Mon Feb 18 16:55:21 EST 2013

On Tue, Feb 19, 2013 at 6:13 AM, John Immarino <johimm at gmail.com> wrote:
> I coded a Python solution for Problem #14 on the Project Euler website. I was very surprised to find that it took 107 sec. to run even though it's a pretty simple program.  I also coded an equivalent solution for the problem in the old MSDOS basic. (That's the 16 bit app of 1980s vintage.)  It ran in 56 sec. Is there a flaw in my coding, or is Python really this slow in this particular application. MSDOS Basic usually runs at a snails pace compared to Python.

BASIC does a lot less. If you wrote an 8086 assembly language
interpreter in Python, it'd run fairly slowly too :) Python isn't
really the world's best language for number crunching inside a machine
word; though if this were a major project, I would recommend looking
into Cython, as it lets you translate a few critical portions of your
code to C while leaving the rest in Python.

In order to get some useful stats, I added a little timing code to
your original; on my Windows XP laptop, running Python 3.3, your
version took 212.64 seconds to get to a result (namely, 837799 with a
count of 524).

Here's how I'd code it:

import time
start=time.time()
max=0
for m in range(1,1000001):
	n=m
	count=0
	while n>1:
		if n%2: n=3*n+1
		else: n//=2
		count+=1
	if count>max: max,num=count,m
	if not m&16383: print("->",m,count)
print(num,max)
print(time.time()-start)

(You'll see the same timing information that I added to yours.
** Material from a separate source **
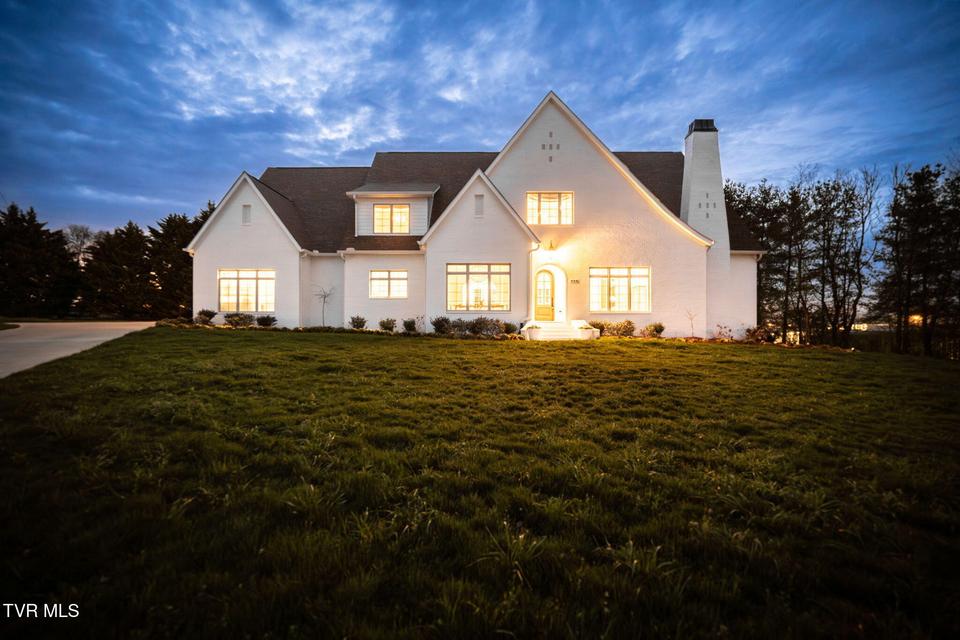 Photo #4: 406 Lancaster Court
It adds
immeasurably to the run-time, and gives some early idea of how it's
going.)

Running under Python 2.6, both your version and mine take about 90
seconds to run. But under Python 3.3, where (among other things)
range() yields values lazily, my version is significantly faster than
yours. BUT! Both versions, under 3.3, are significantly *slower* than
under 2.6. My first thought is that it's because Py2 has different
types for 'int' and 'long', and Py3 doesn't (effectively, everything's
a long), so I added an L suffix to every number and ran each of them
under 2.6 again. Seems that was the bulk of the difference, though not
all.

Pythonistas, does this count as a regression, or is Python
sufficiently "not a number crunching language" that we don't care?

(range = my code, as above; while = original version with a C-style
loop counter)
range py3: 171.07846403121948
while py3: 212.64104509353638
range py2: 87.859000206
while py2: 86.4059998989
range py2 longs: 190.530999899
while py2 longs: 176.125999928

For comparison purposes, I also coded up the equivalent in Pike.
Pike's a very similar language to Python, but with a C-like syntax,
and certain optimizations - including, significantly to this exercise,
an integer type that sits within a machine word if it can (though
it'll happily go arbitrary precision when it's needed to). It pretends
to the programmer that it's a Py3-style "everything's an int", but
underneath, functions more like Py2 with separate short and long
types. The result: 22.649 seconds to reach the same conclusion.

How long did your BASIC version take, and how long did the Python
version on the same hardware?

This sort of pure number crunching isn't really where a modern high
level language shines. You'll come to *really* appreciate Python as
soon as you start working with huge arrays, dictionaries, etc. This is
a job for C, really.

ChrisA